┌─ TASK DATA

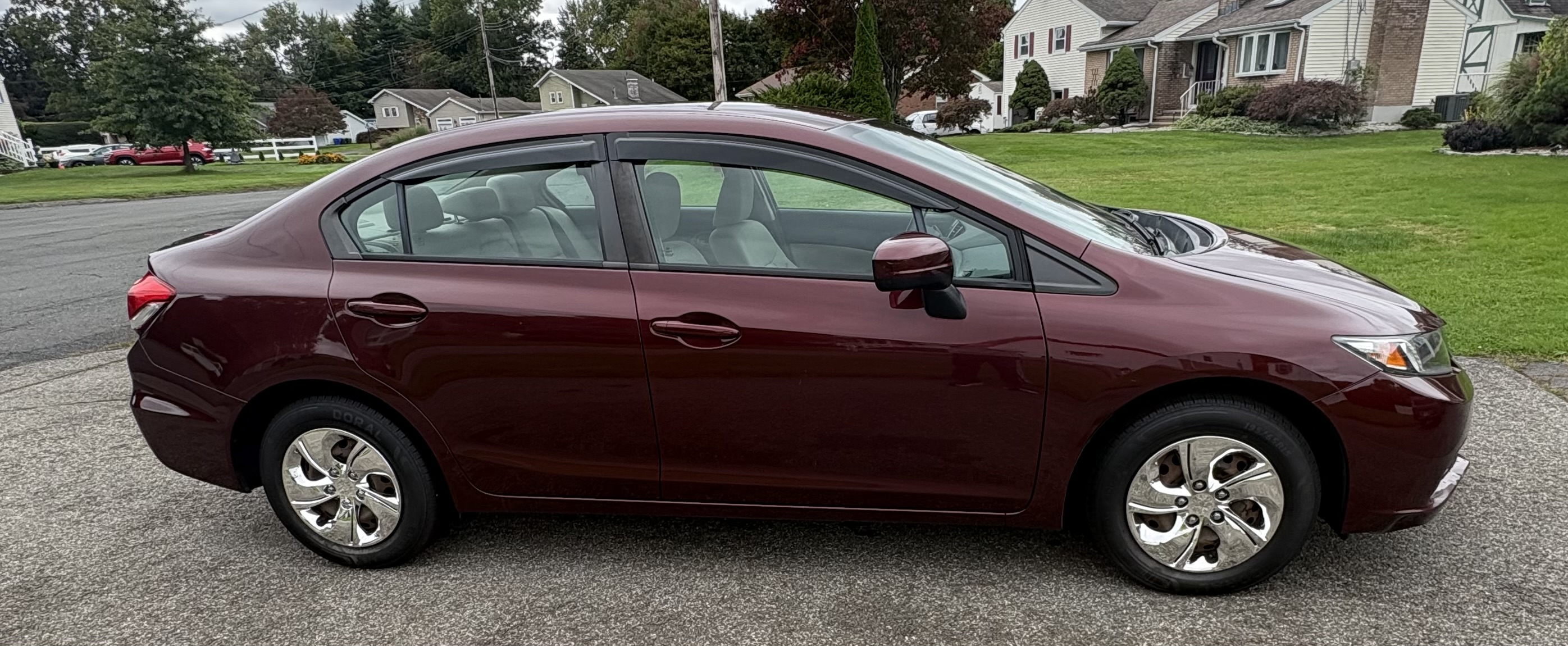 Used 2015 Honda Civic LX image 6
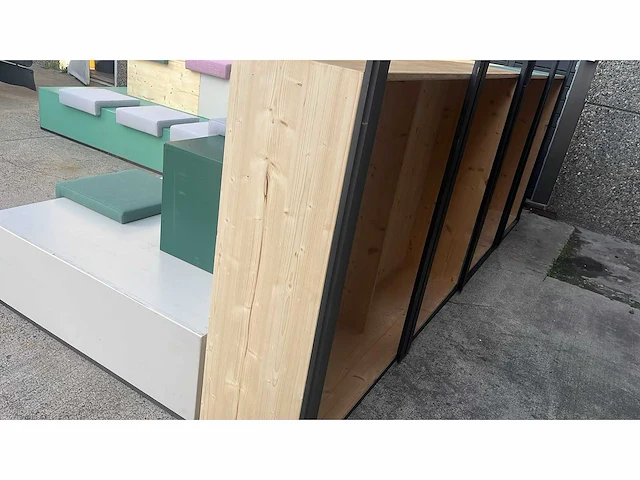 Modulaire zittribune - overige kantoorinventaris - afbeelding 6 van  7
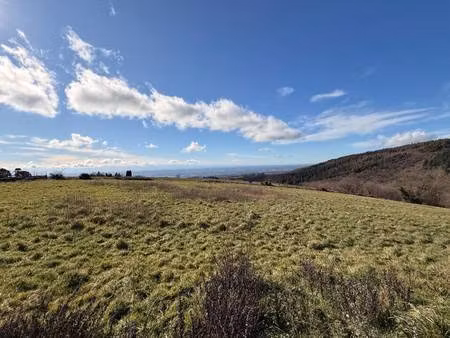 terrain constructible viabilisé à vendre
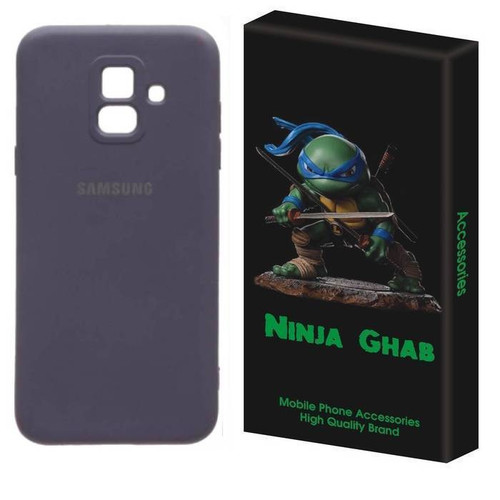 کاور نینجا قاب مدل سیلیکونی مناسب برای گوشی موبایل سامسونگ Galaxy A6 2018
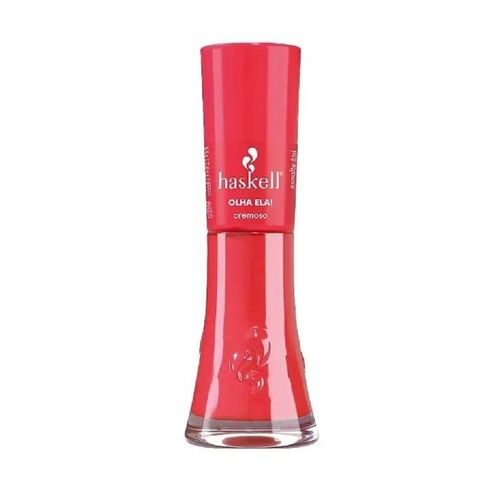 Esmalte Cremoso Haskell Olha Ela 8ml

└─

*PROBLEM TO WORK ON*: Would you return the data exactly as written, without the pictures?

*RESPONSE TO THE EXERCISE*:
 Used 2015 Honda Civic LX image 6
 Modulaire zittribune - overige kantoorinventaris - afbeelding 6 van  7
 terrain constructible viabilisé à vendre
 کاور نینجا قاب مدل سیلیکونی مناسب برای گوشی موبایل سامسونگ Galaxy A6 2018
 Esmalte Cremoso Haskell Olha Ela 8ml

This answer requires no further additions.